* [Information supplied]:
□ □ □ □ □ □ □

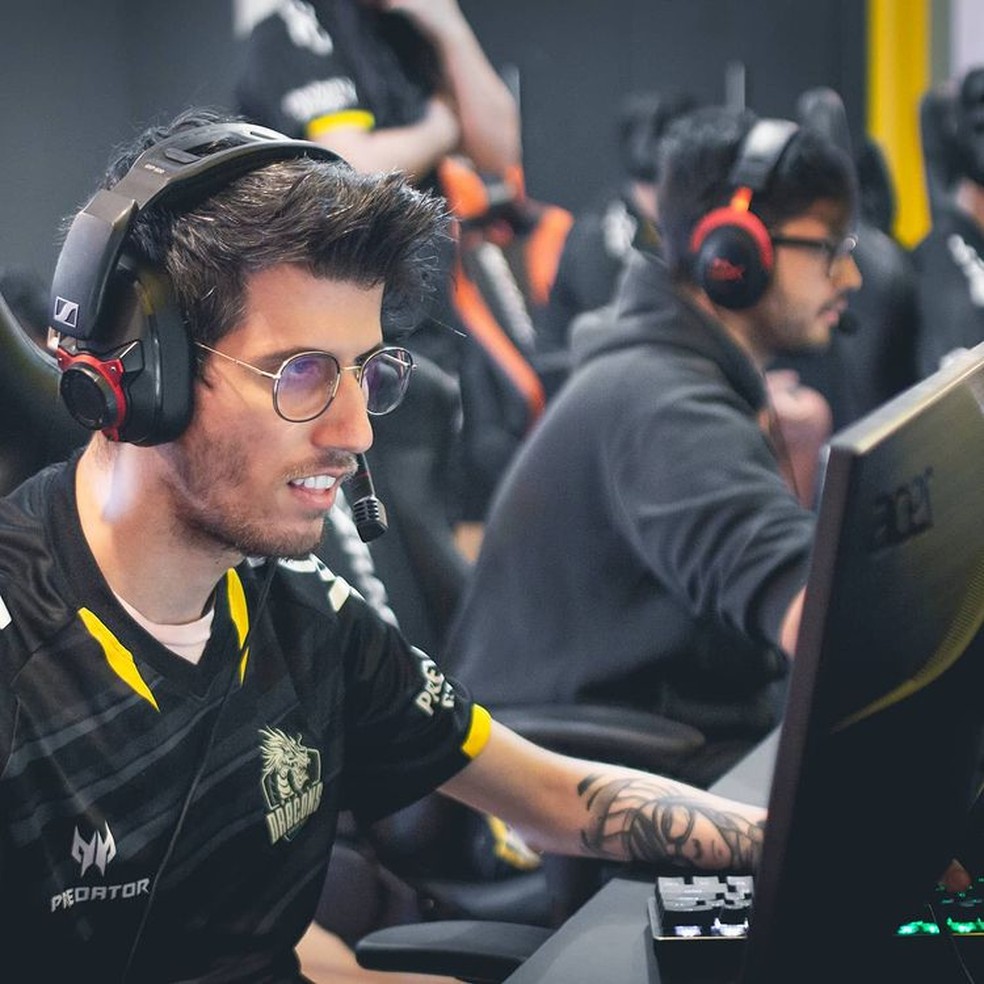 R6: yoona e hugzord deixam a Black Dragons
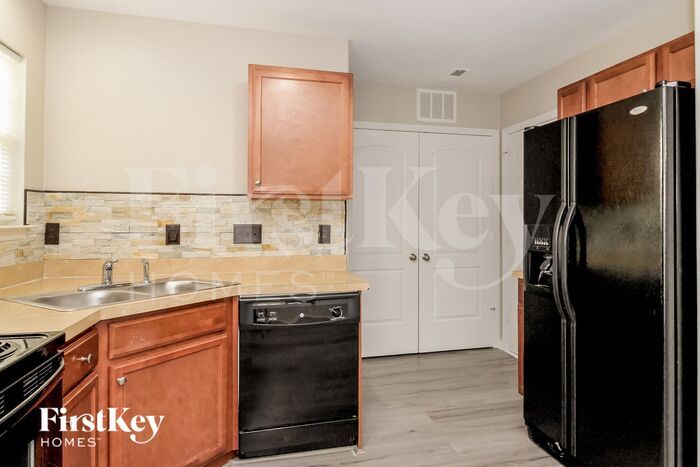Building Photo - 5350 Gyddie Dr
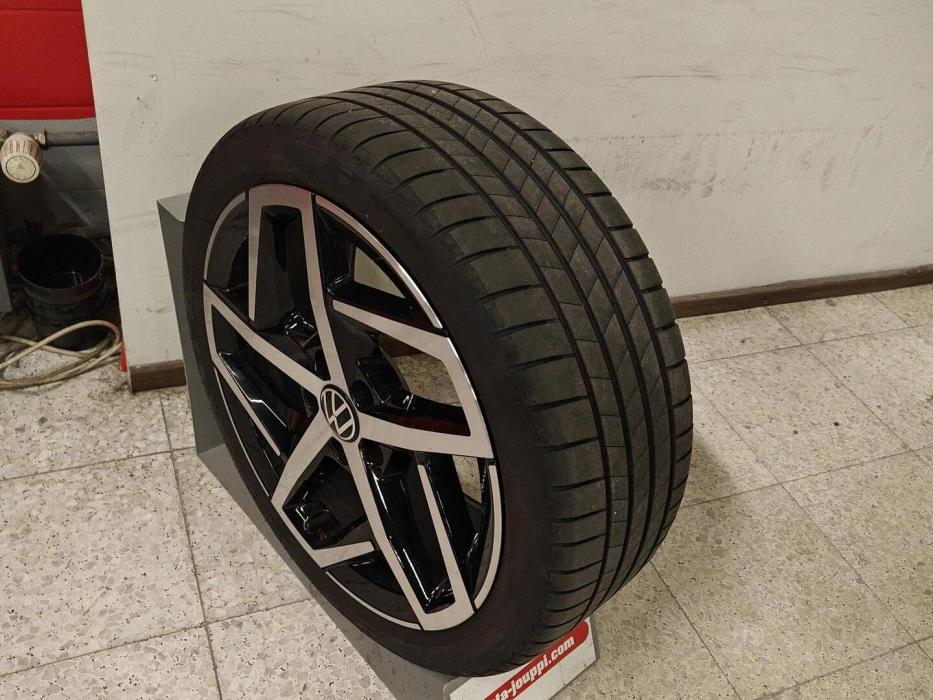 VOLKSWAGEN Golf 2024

□ □ □ □ □ □ □

Since the pictures are not wanted, write out the rest of the data exactly as it reads.

* [Task output]:
 R6: yoona e hugzord deixam a Black Dragons
Building Photo - 5350 Gyddie Dr
 VOLKSWAGEN Golf 2024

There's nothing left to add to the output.